A change in fiscal forecasts has brought news regarding the town's pension contributions for the coming 2012-13 fiscal year, but some members of the boards of finance and selectmen remain uneasy with the projections.

A year ago, the town's actuaries projected the town would have to contribute $8.33 million to the two municipal pension funds, but that figure was later adjusted to $6.7 million.

Now, after reviewing the results of another study, as well as investment returns, the amount that needs to be contributed is $4.6 million, the officials were told at a joint meeting Tuesday night.

Some reasons for that, according to Liz Tierney, from the actuary firm Hooker and Holcomb, is that many town employees are retiring later, meaning that while their eventual pension benefit might be higher, payments will not likely have to be paid over as many years.

She also said the earlier projections of the pension obligations had underestimated the number of town employees who left their jobs prior to becoming vested in the pension plan, as well as the numbers retiring on disability. Salaries were also lower than projected.

But what is worrying some elected officials is that the experience study covered the period from 2006 to 2011.

The data from that five-year period, said finance board member Chris DeWitt, could be skewed because of the dismal economy.

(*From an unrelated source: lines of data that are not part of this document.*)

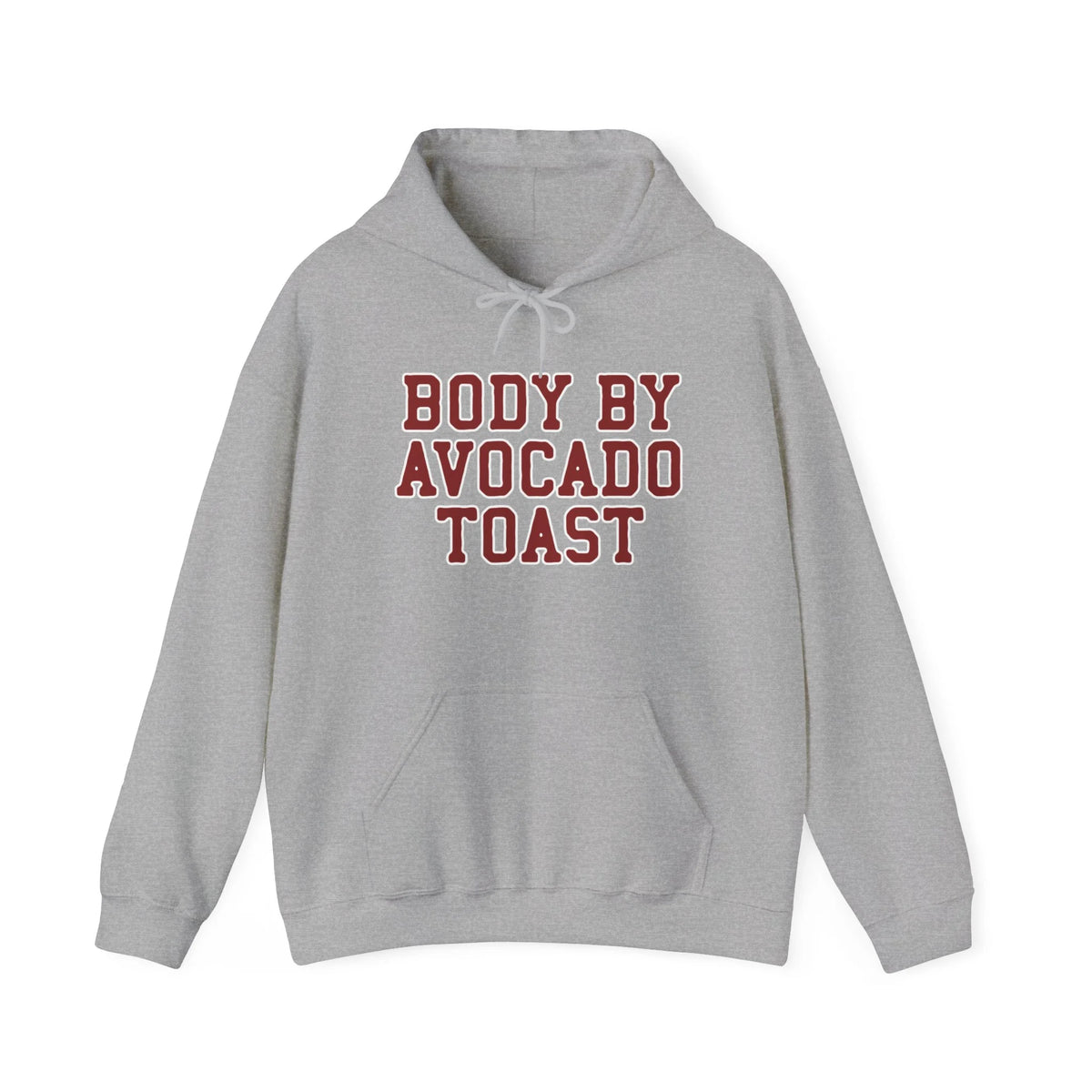 Hoodie Hooded Sweatshirt Pullover Shirt J3176
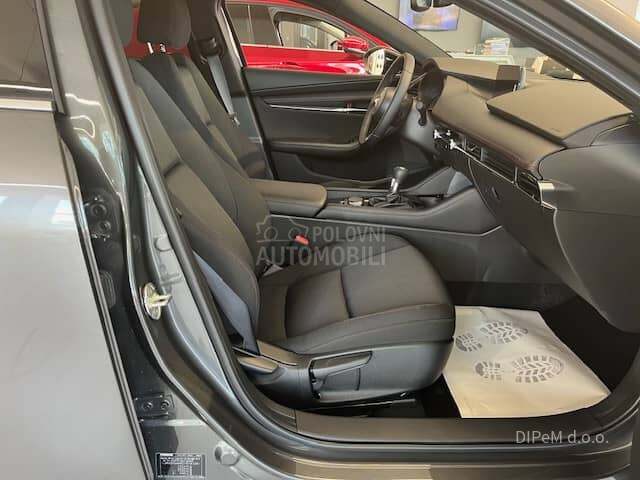 Mazda 3 G140 HOMURA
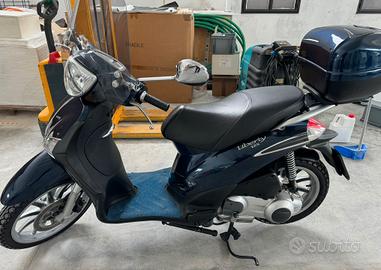 liberty 125 piaggio 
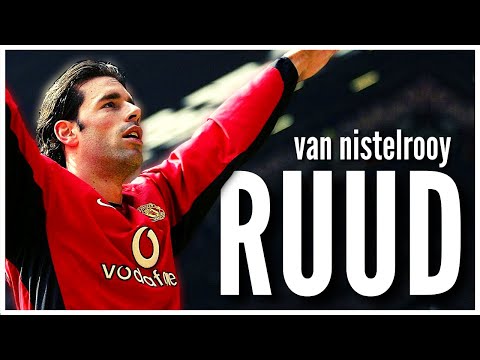 🇳🇱 *76 RUUD VAN NISTELROOY, LE DIABLE - CONTES DE FOOT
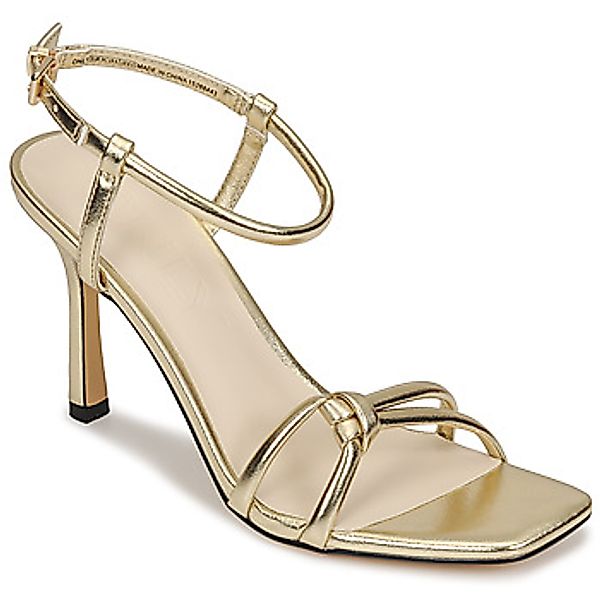 Only  Sandalen ONLALYX-16 PUHEELED SANDAL FOIL günstig online kaufen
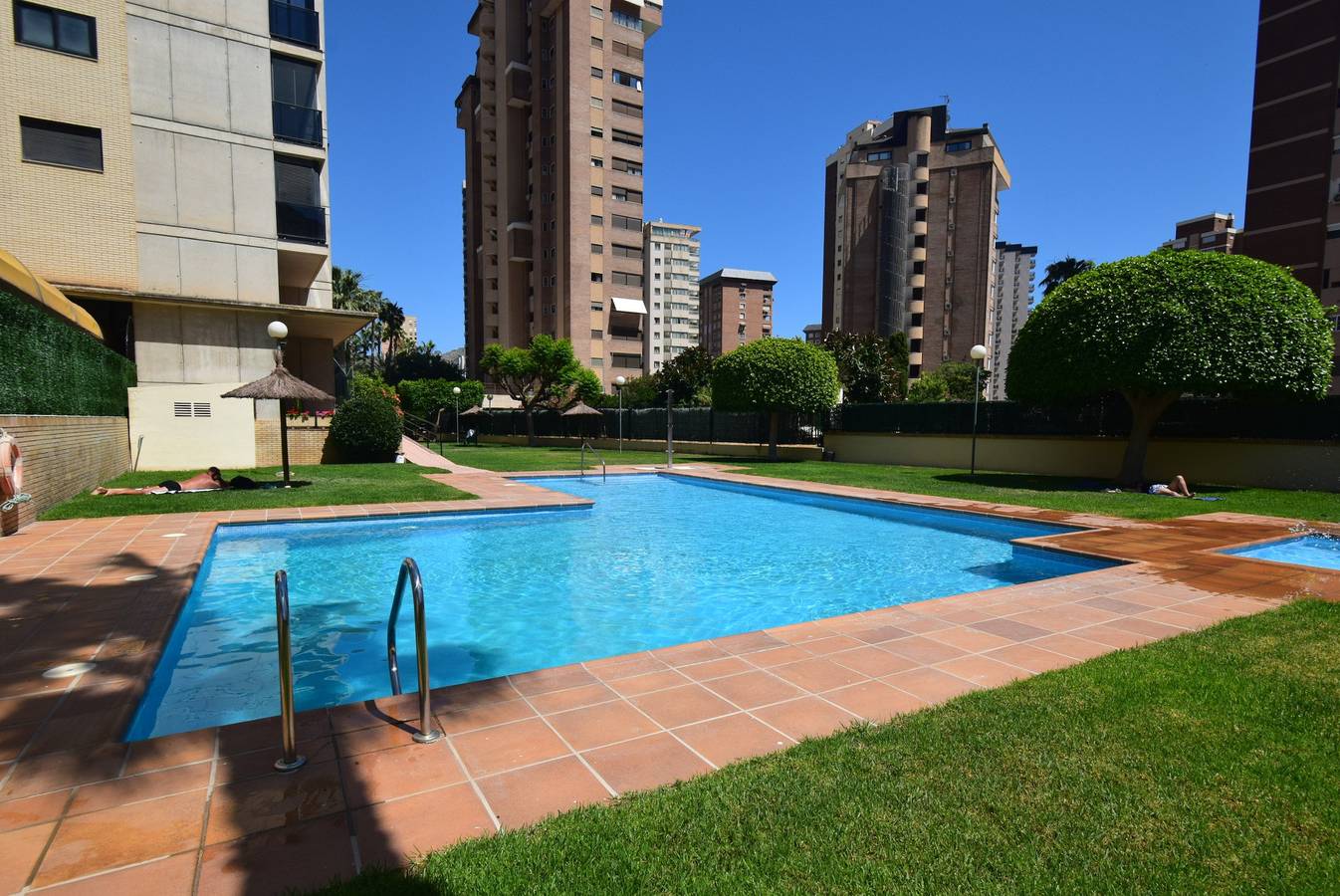 Appartamento vacanze a Benidorm a partire da 70€ a notte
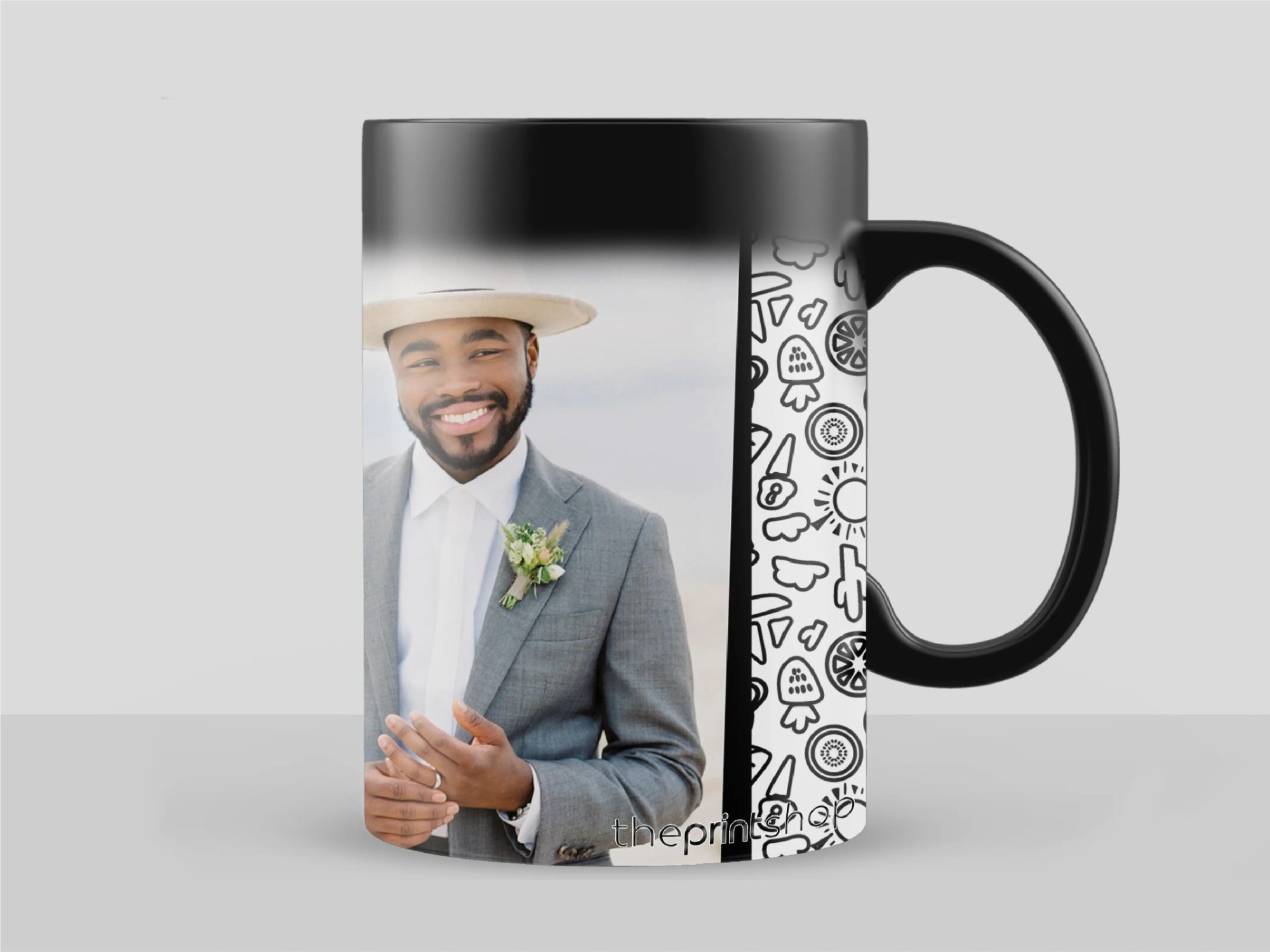Personalised Mug Print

"There's no way 2006 to 2011 was a normal period of years economically," agreed finance board Chairman Thomas Flynn.

Finance board member Kenneth Brachfeld said he, too, is concerned about the five years used as the basis for the revised pension projections. "We chose what arguably were the worst five years ever in the economy since the Depression," he said of the new study.

Tierney said the period chosen was typically the way such forecasts are conducted, and said the town could choose to have studies done every three years to keep a closer eye on the status of pension obligations.

"I just find that alarming, personally," Brachfeld said.